Mom rises and wanders back slowly, opening the desk drawers on her way past. “This will work for your homework, right?”
“I don’t do homework at a desk.”
“What? Of course you do! You had that little purple lamp that we’d shine on the wall at night. Remember, shadow puppets?” She uses her hands to mime the shape for a dog.
“That was when I was, like, eight.” I’ve been doin
g my homework at the kitchen island or sitting cross-legged on my bed for years now. Mom’s never been around to notice though, too busy at the law firm or buried under a stack of legal paperwork in her home office.
“Right.” Her head bows, and the guilt radiates from her. “Things are going to change, Aria. You have a new school; you’ll have new friends. I can’t write the Ontario bar exam until March so I’ll be around all the time for the next seven months. So much, you’ll be sick of me.” She laughs. “And even when I go back to work, I’ll make sure I’m only working part-time, so I’m more”—her throat bobs with a hard swallow—“involved in your life. Things are going to change. For both of us. I promise.”
I could say things now—namely, that none of what happened was her fault, that it was all mine—my thoughts, my feelings, my choices. But, just like her, I am ready to put the past behind me.

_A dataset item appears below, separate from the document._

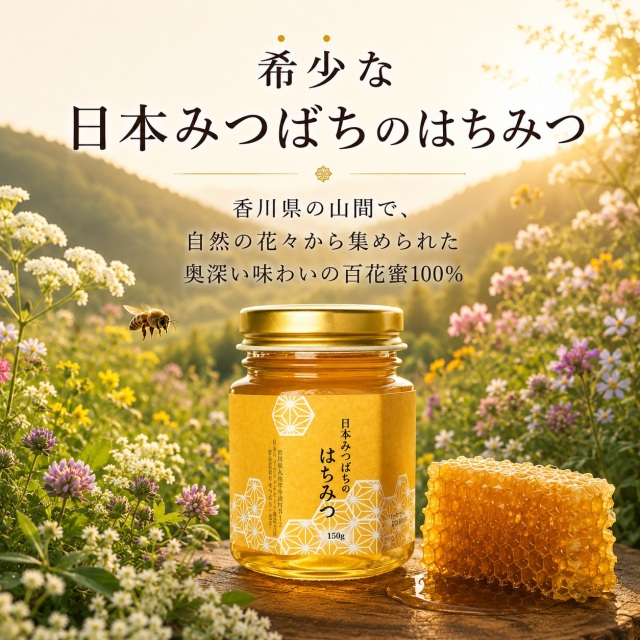 日本みつばちのはちみつ 150g 国産 非加熱 蜂蜜 天然 百花蜜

“They kind of already have?” I hold my hands out to gesture at my new room in this sad little white hovel, a far cry from the sizable house we left outside Calgary. But here, three provinces away, I’m not that same girl. My name’s not even the same, now that I’ve legally changed it to take my mother’s maiden name. My dad didn’t bat an eye when we set the paperwork and a pen in front of him. That’s when I knew he’d already all but disowned me.
“You’re right, they have. And we have a lot to do around here to get this place back in shape.” She sighs, catching a cobweb that dangles from a corner with her finger. “I knew Uncle Merv was having a hard time adjusting to bachelor life but Aunt Connie must be rolling in her grave.” She rubs a hand over her weary eyes. “Get some sleep. We have a busy day tomorrow.” She drops her voice to a whisper. “God knows how long it will take to find the corpse of whatever died down there.”